Collected material:
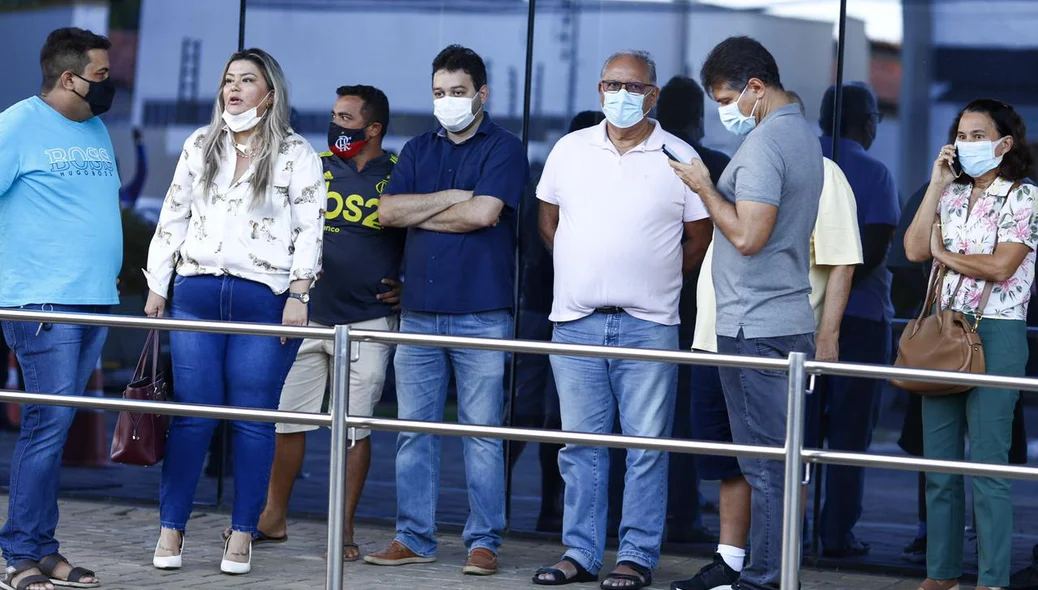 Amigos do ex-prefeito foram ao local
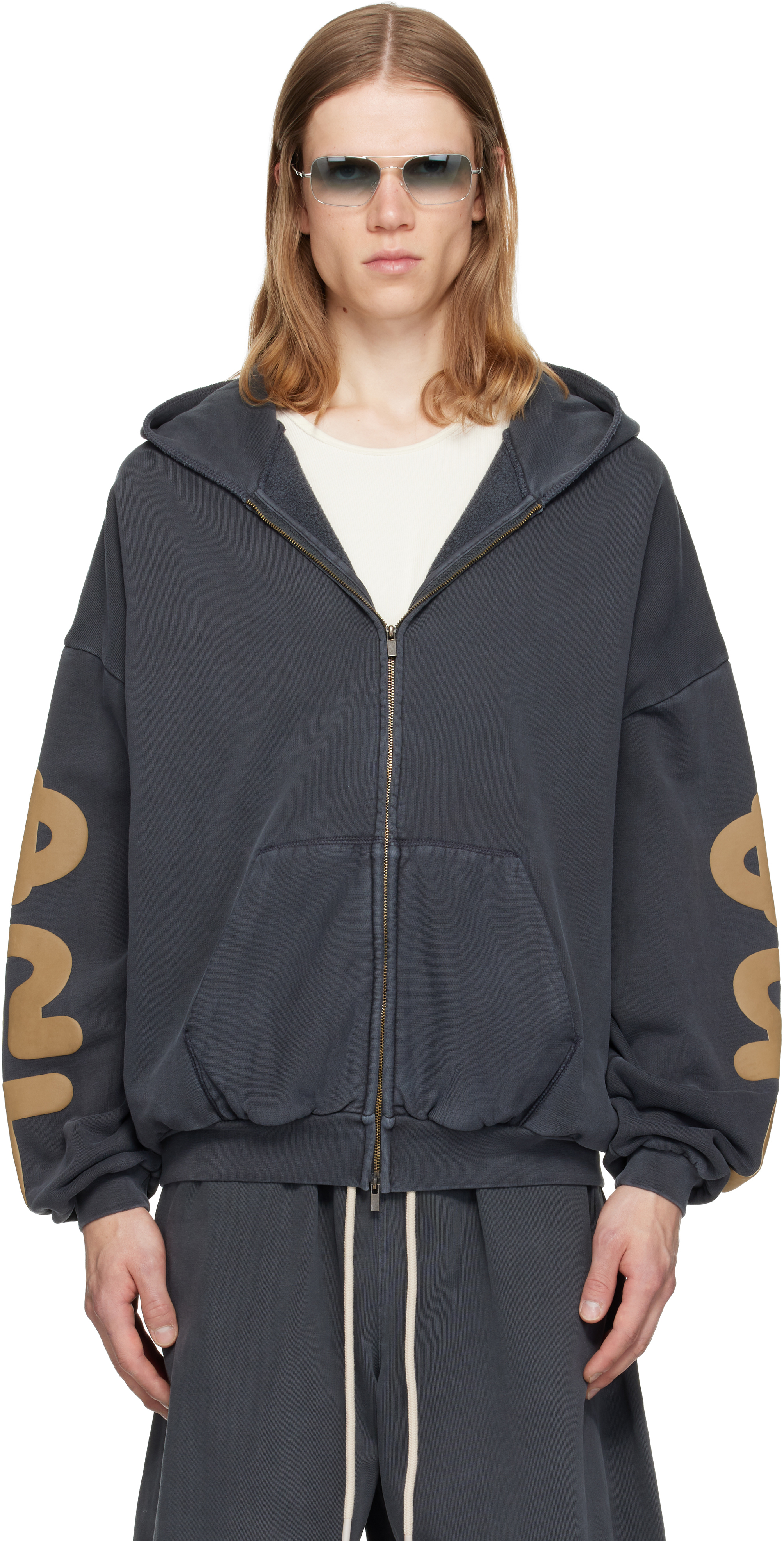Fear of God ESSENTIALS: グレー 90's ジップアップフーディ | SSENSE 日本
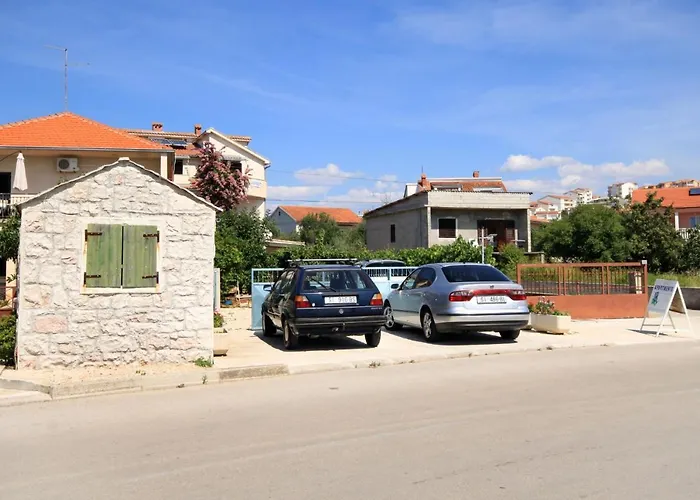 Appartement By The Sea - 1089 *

Exercise prompt:
Set the whole listing down again unchanged, apart from the pictures, which are omitted.

Output below:
 Amigos do ex-prefeito foram ao local
Fear of God ESSENTIALS: グレー 90's ジップアップフーディ | SSENSE 日本
 Appartement By The Sea - 1089 *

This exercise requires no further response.